MP Paul Foster-Bell congratulated the campaigners, tweeting:
Abel Tasman campaign: Timeline
January 22, 2016 - The "Pristine beach in the heart of the Abel Tasman" project is launched on crowd-fundraising website Givealittle, asking for $2 million to buy the seven hectare private beach in Abel Tasman National Park's Awaroa Inlet.
January 26 - The page has seven pledges worth $6300.
January 27 - Spark pledges $20,000 to the Givealittle campaign, which is now at $250,000 with close to 4500 people donating.
January 31 - More than $600,000 has been pledged by 9273 people.
February 3 - Conservation Minister Maggie Barry confirms that the beach will be added to the Abel Tasman National Park if the online campaign succeeds. More than 11,000 have so far raised $750,000.
February 7 - The Givealittle campaign breaks $1 million, with more than 15,000 pledges. Labour leader Andrew Little says the Government should make it a Waitangi weekend to remember by agreeing to meet the remaining cost of buying the beach.
February 9 - More than $1.3 million has been pledged by over 20,000 donors. Millionaire Gareth Morgan offers to front the remaining money, but his offer comes with conditions. He writes on his blog that he will cover the difference needed, but he wants the section of beach that is currently private to remain that way - for his family.
February 10 - A total of $1,520,982.30 has been pledged by more than 24,000 people and businesses. Gareth Morgan's offer is met with outrage, with some people saying they will retract their pledges. The men behind the Givealittle campaign, Adam Gardner and Duane Major, assure pledgers they do not want Morgan's money.
February 12 - The campaign reaches its $2 million target, with more than 33,200 people and businesses donating.
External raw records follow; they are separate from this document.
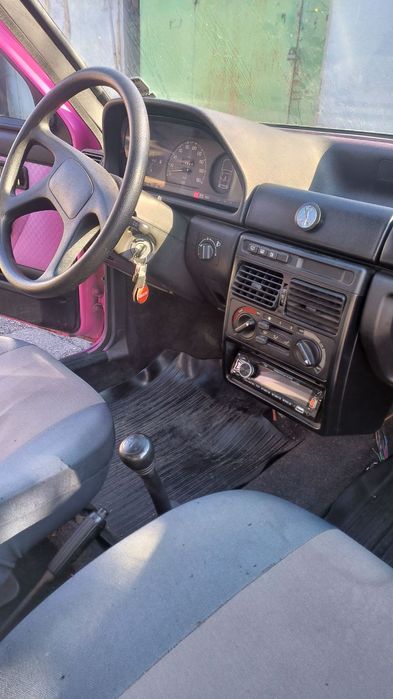 Авто Fiat Uno 1992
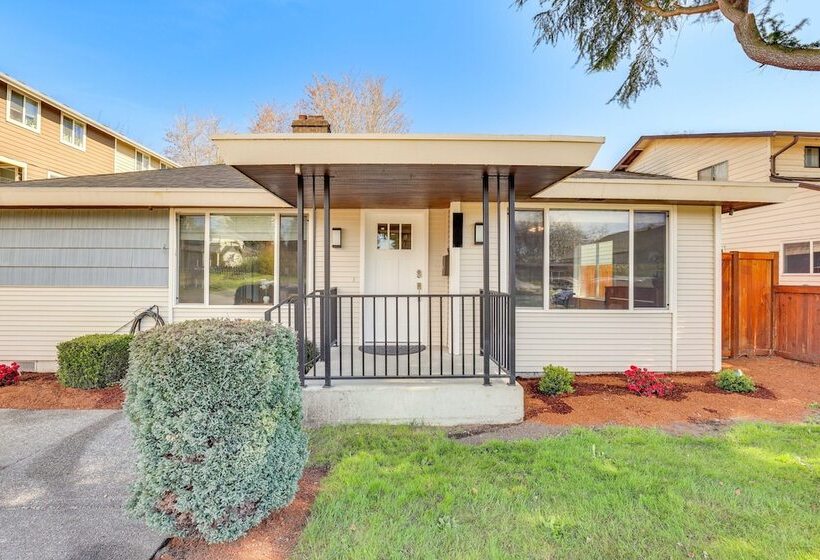 Renton Home: Gazebo W/ Tv & Bbq, 15 Mi To Seattle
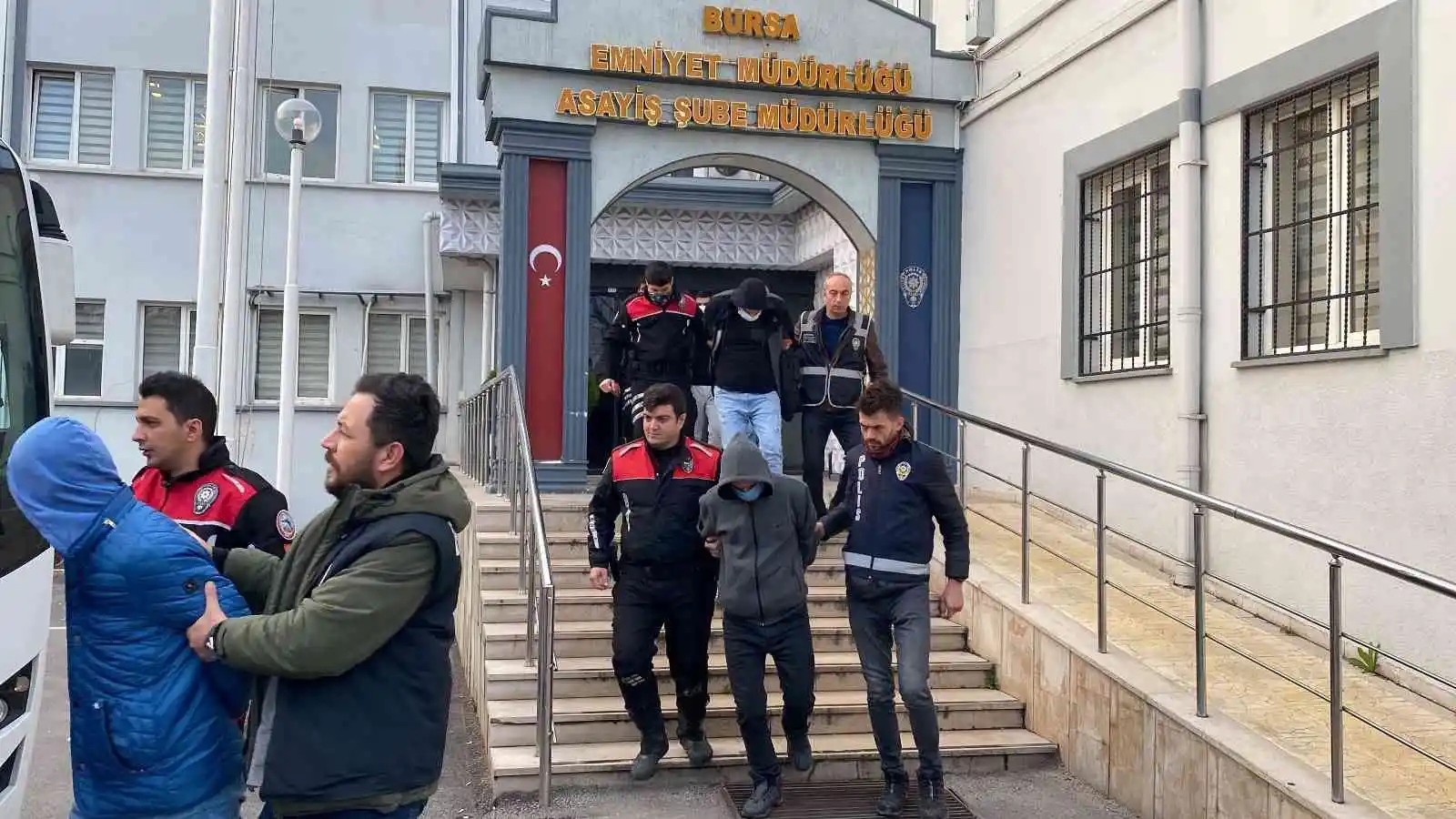 Kadınlara zorla fuhuş yaptıran 12 çete üyesi tutuklandı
February 15 - Campaign closes, generating more than $2 million. There are donations from 39,249 people and businesses. The final tally is kept secret. Gareth Morgan claims it was his cunning scheme that helped push up donations.
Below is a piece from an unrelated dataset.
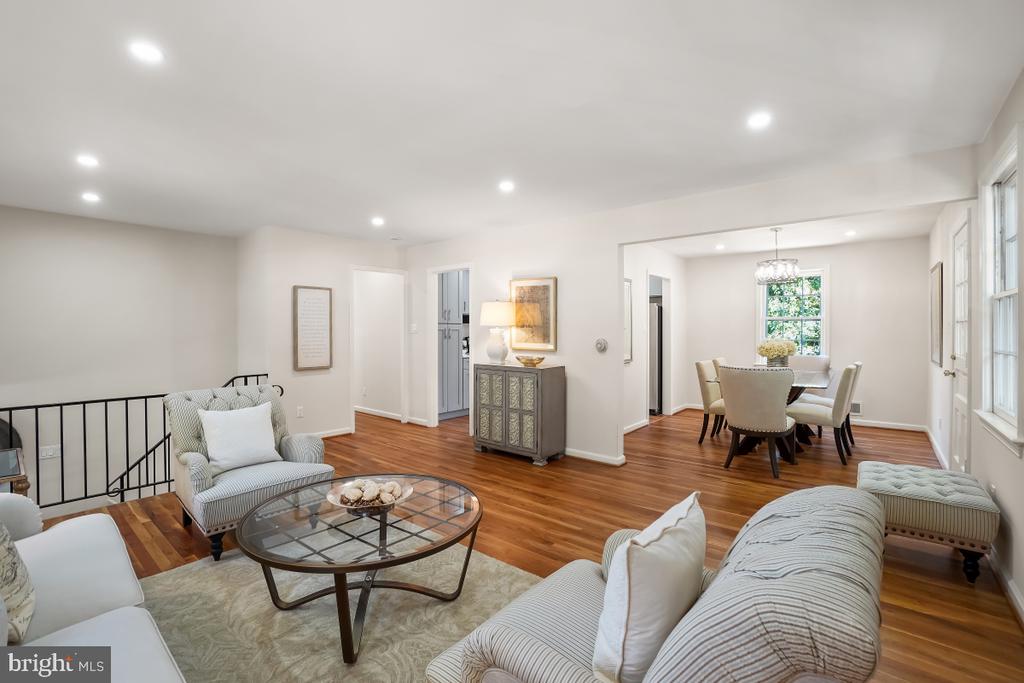 618 BLOSSOM DRIVE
February 16 - The deadline closes for offers to buy the beach. A spokesman for Conservation Minister Maggie Barry says the Government has not ruled out making a "a modest contribution to the appeal should the need arise," but saysat this stage, no commitment has been made.
February 24 - Campaign is successful. Organiser Duane Major announces that the public fundraising effort was enough to secure the beach, with a total of $2,278,171.09 donated. The Government also supports the bid with a "modest" contribution. Mr Major says the piece of beach and bush was delivered into the hands of all New Zealanders at 10.57pm the night before.